At least one person (skipper or crew) must have this certificate, which requires knowledge of proper equipment operation, safety procedures and first aid.
The vessel itself will be certified for certain category of waterway, ranging from the straightforward to major rivers such as the Seine or Rhone to tidal coastal waters. It will be required to have appropriate insurance cover and be surveyed at regular intervals.
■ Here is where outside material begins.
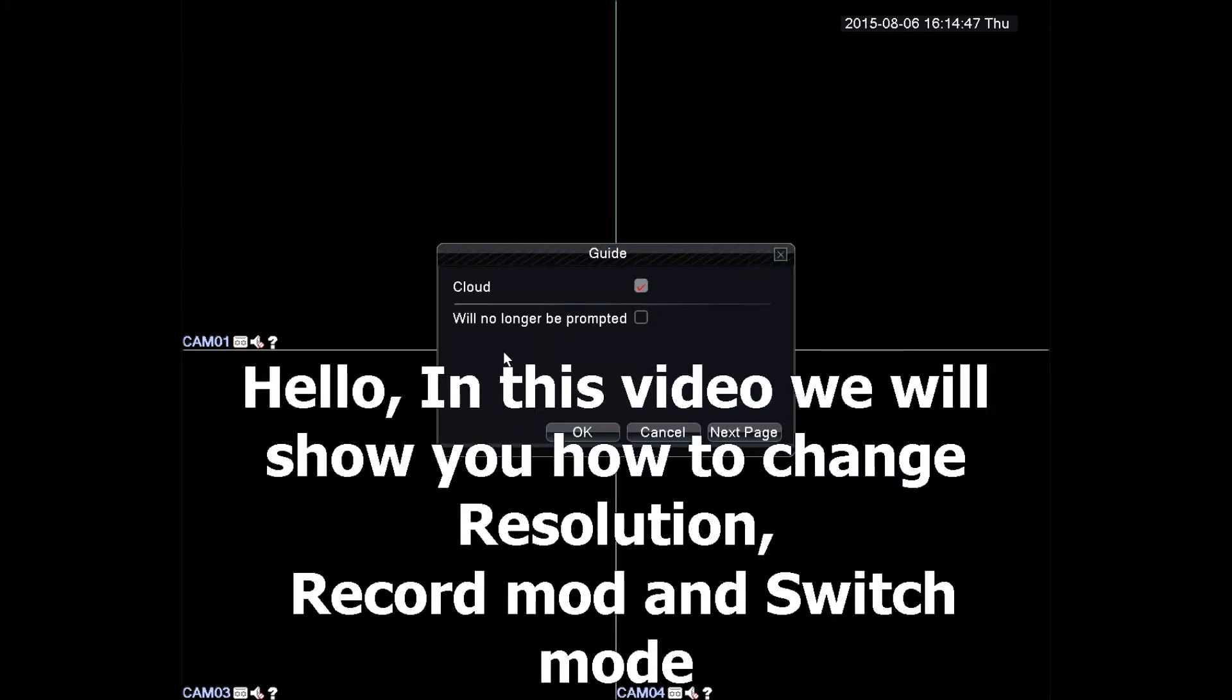Hello. In this video we will show you how to change resolution, record mode, and switch mode.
==Catering and facilities==
Some hotel barges just offer bed and breakfast; others also provide lunch, full board, or more. At least one hotel barge offers self-catering. Five Star barges have a qualified and experienced chef on board who can provide cuisine of an internationally high standard, from daily fresh local ingredients - together with local wines and spirits. Many clients say that they choose a barge hotel for the catering. Some barges - particularly the smaller owner-operated ones - offer kosher, halal, vegetarian, vegan, zero starch or low carbohydrate diets.

Hotel barges provide luxurious guest rooms (cabins), with en-suite bathrooms. They will normally also include a saloon (lounge) and dining room, and an open sun deck. Some barges also feature Jacuzzi, hot tubs and small plunge pools on deck) . Many barges, especially those operating in southern France, are air-conditioned. Many hotel barges provide mobile internet access.